My favourite story by far is that they were released by Jimi Hendrix on Carnaby Street in the late 60s. Bored of London’s grey skyline, he set the little fellas free to liven up the place.

However they got here, from 1970 onwards their numbers boomed. In 1992, 700 birds were recorded in London Bird Report. By 1998, 2,845 were seen in the London Area, and by 2006 the ring-neck parakeet was 15th most sighted bird in London.


Darwin would be proud at how well they adapted to the new environment. Toughened up by the hard Himalayan climate, they handle the cold northern European winters better than most locals. Global warming is often brought up in discussions of the parakeets, but it is certainly only part of the story.
It helps, too, that the birds have a 35 year lifespan and few local predators, enabling them to breed freely.

As with any new species, the debate has raged about whether they are harmful to the ecosystem. Strangely reminiscent of the debate over human migrants, often the birds have often been accused of stealing the homes of the natives. The parakeets do nest in tree cavities also used by jackdaws, owls and woodpeckers – but there is little evidence that native species are being muscled out. 

The also provide a food source for Britain's embattled birds of prey. Owls and peregrine falcons have been know to eat them. Charlie and Tom, two city dwelling falcons monitored by Nathalie Mahieu, often bring back parakeets as food.
Of more concern is the new arrivals’ effect on plants and trees. By 2009 their numbers in the UK had grown so much that they were added to the “general licence” of species, which can be killed without individual permission if they are causing damage.

And Parrotnet, am EU funded research project studying the development of parakeet populations across Europe, has warned of the risk they pose to agriculture.
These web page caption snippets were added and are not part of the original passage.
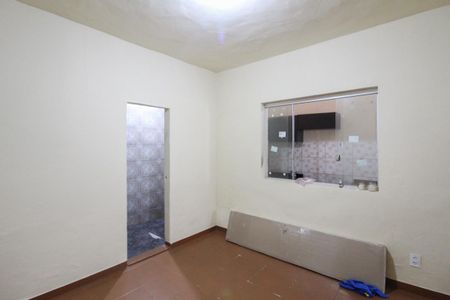 Casa à venda com 360m², 2 quartos e sem vaga Casa à venda com 360m², 2 quartos e sem vagaCasa 2 - Sala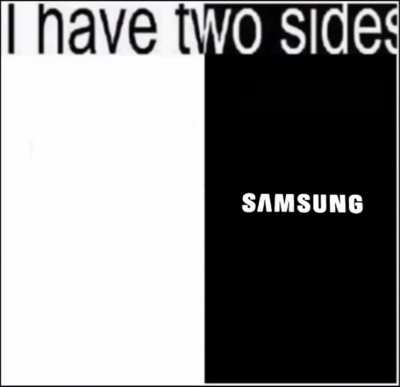 They're the same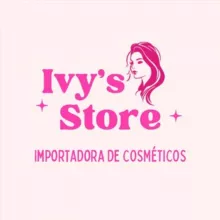 💖DISTRIBUIDORA IVY’S STORE💖
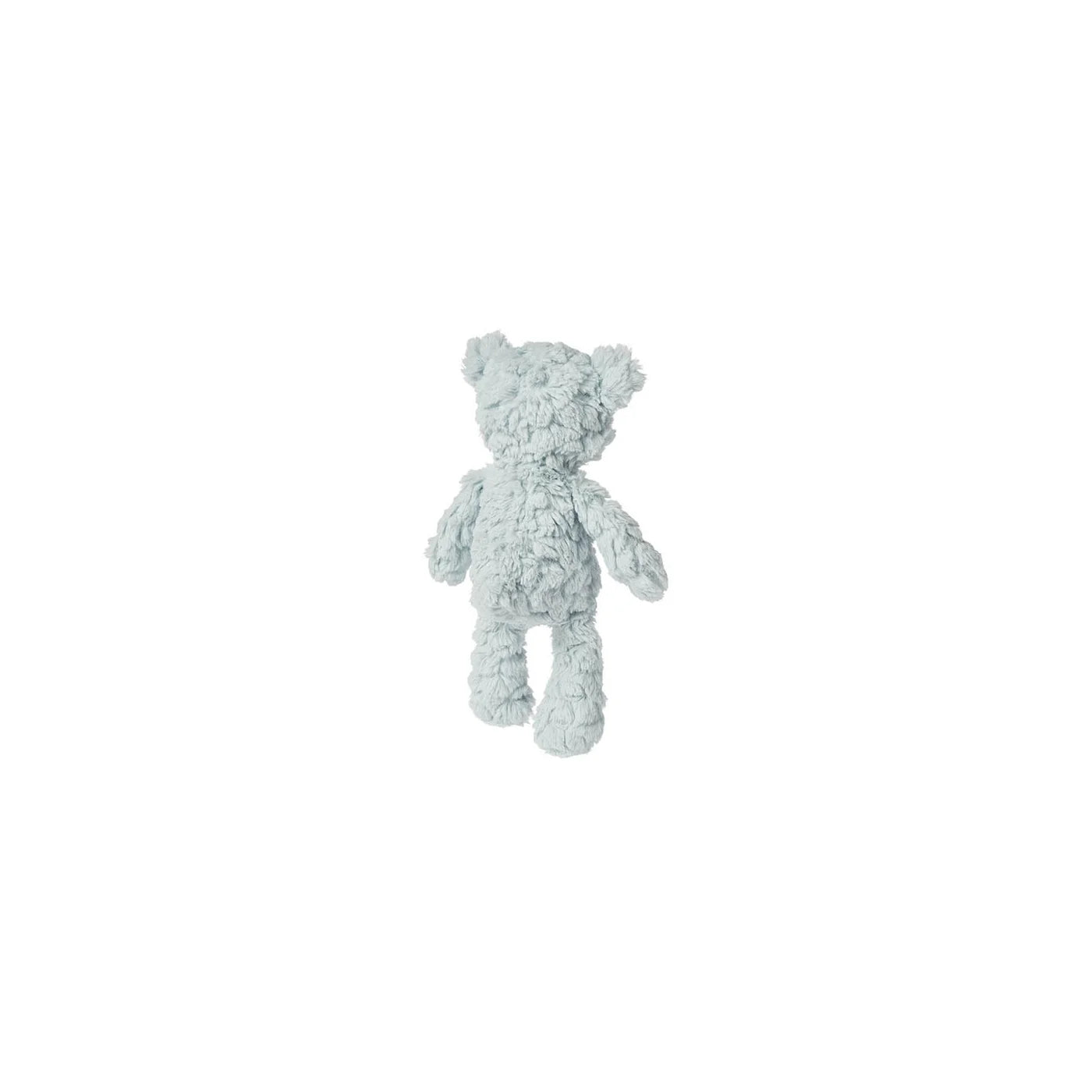Putty Bear (Seafoam)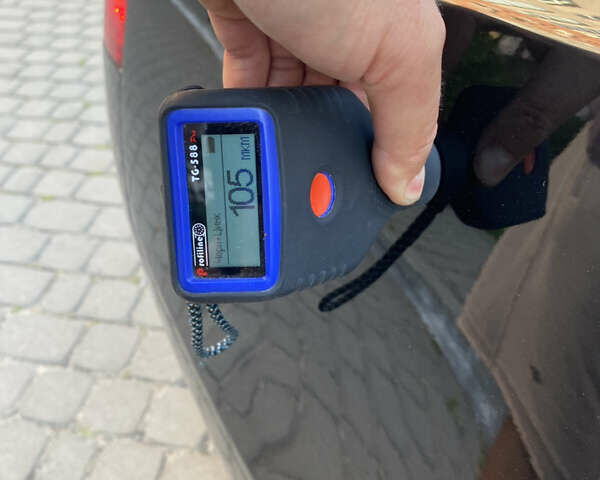 Черный Ауди А5, объемом двигателя 2 л и пробегом 143 тыс. км за 10700 $, фото 61 на Automoto.ua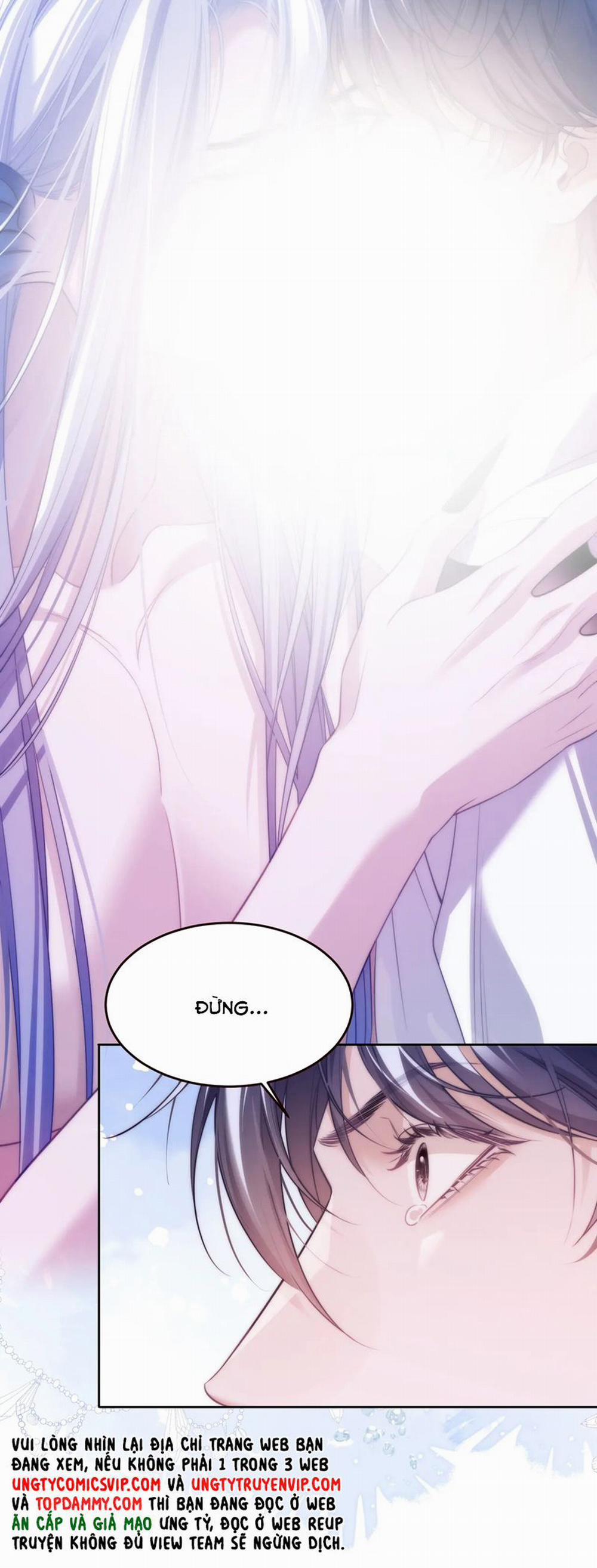 Desharow Nhân Ngư 55 trang 3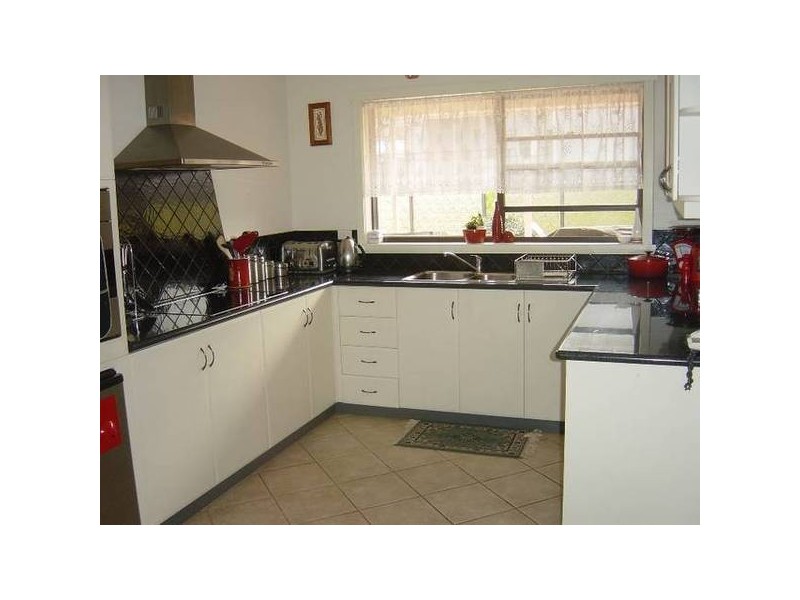 7 Kenyon Street, Newstead TAS 7250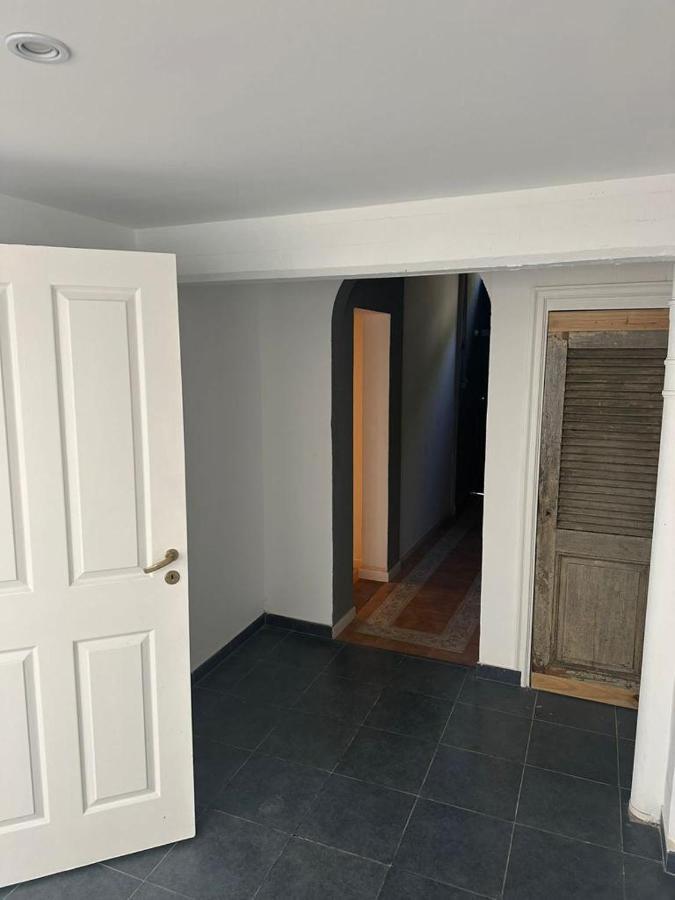 La Casa Del Loro, San Telmo - 8 Habitaciones 부에노스아이레스 외부 사진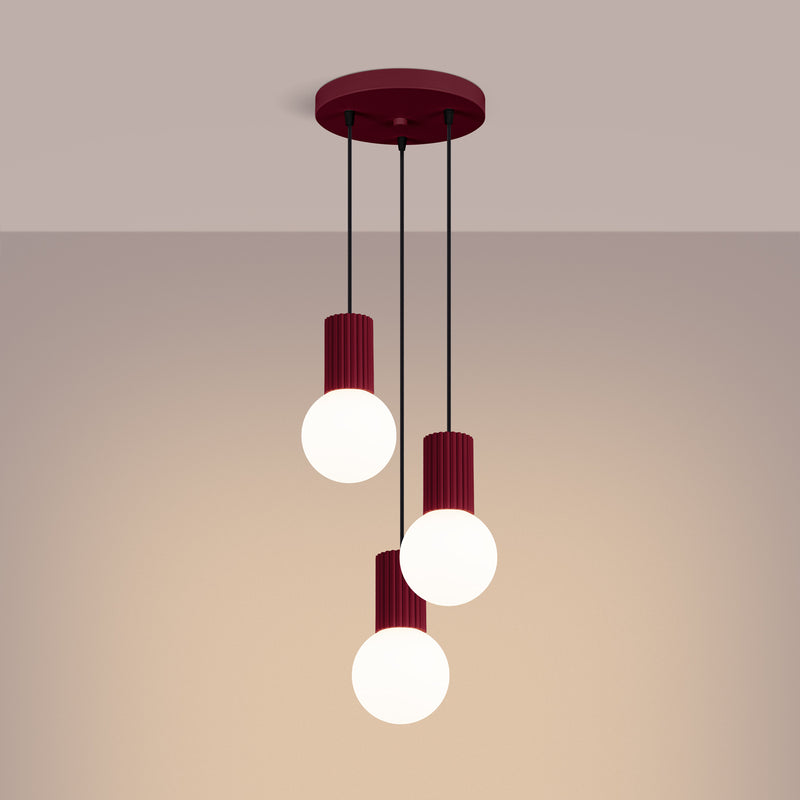 2c53ee1fbc3b21b44c210db406ae62e6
In their native India, the parakeets are known to cause widespread damage to crops. As agriculture develops in the UK in line with warmer climates, crops such as maize, grapes and sunflower will become more popular. In India the birds have been documented as reducing maize crops by 81 per cent.

So the parakeets remain divisive. Environmentalist Tony Juniper has disparagingly described them as “the grey squirrel of the skies”. By contrast, the University of York biologist Chris D. Thomas has argued that the parakeets should be left free to move and breed. He sees those wary of the parakeet boom of “irrational persecution” of the bird.

For good or ill the parakeets are here to stay. As so often with migrants of all kinds, there has been some unease about the impact they have had – but the birds, popular amongst Londoners, certainly add colour to the city. Thriving in the urban environment thousands of miles from their natural habitat, they are a metropolitan bird for Europe’s metropolitan cities.